Islandeady is a village in County Mayo, Ireland, about halfway between the towns of Castlebar and Westport.

The parish of Islandeady meets Castlebar to the east, Westport and Newport to the west, and Aughagower and Killawalla to the south. There is a view of Croagh Patrick to the west and Nephin to the northeast. The main route by road is the N5. The parish has four national schools and a private secondary school.

== History ==
Islandeady civil parish straddles the baronies of Carra and Burrishoole. Its name was reinterpreted in recent centuries as Oileán Éadaí but ultimately derives in fact from Oileán Éadain, where Éadan is a gaelicised form of the Anglo-Saxon name Aedwine or Haedwine. A person of this name was ordained bishop of Mayo in the late eighth century, according to the medieval chronicler Symeon of Durham. The Islandeady townland of Raheens is mentioned in an early biography of Saint Patrick by Tírechán (700c).
Islandeady townland was historically called Illaneedan. Islandeady belonged to the 'Patrician lands of Connacht'. The date given by historians to St.Patrick's missionary work in Islandeady is 440 A.D., where he preached on the shores of a lake in the peaceful little parish. Today, the modern village lies within the townlands of Rinnaseer and Cloonan.

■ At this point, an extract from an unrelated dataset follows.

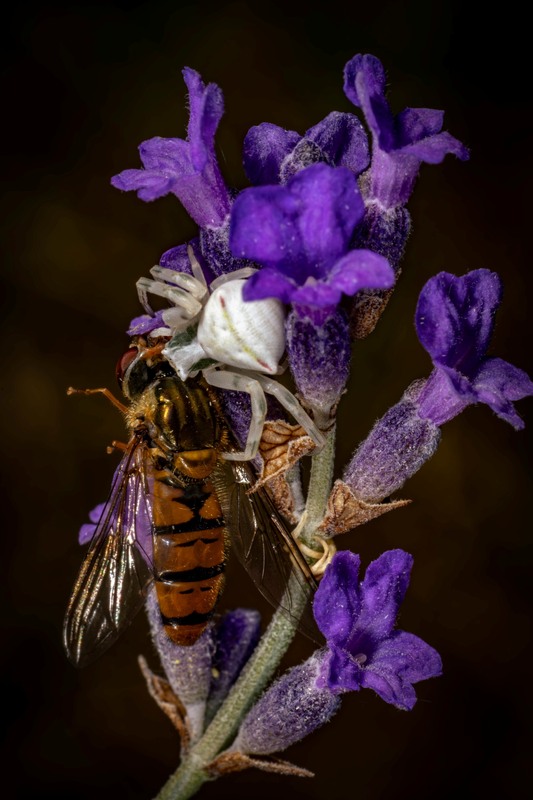 Фотографія Животные / Станислав / photographers.ua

On 2 September 1973 during 'The Troubles', Royal Ulster Constabulary reservists from Lisnaskea were attacked by gunmen at Kilbree Lower on the Westport-Castlebar road, as they were on their way home from a fishing holiday in Westport. There were no fatalities, but three members were wounded by automatic fire.

==Amenities==
National schools in the area include Cloggernagh NS, Cougala NS, and Cornanool NS. St. Patrick's Academy is a local (private) secondary school.

Islandeady had a shop, beside the church, which closed in 1988. An embroidery and sewing shop is located behind the church. There is also a B&B beside the GAA pitch. The lakes in the area include Lough Bilberry and Lough Lannagh.

== Transport ==
Islandeady is served by the N5 (Westport-Dublin road) national primary road.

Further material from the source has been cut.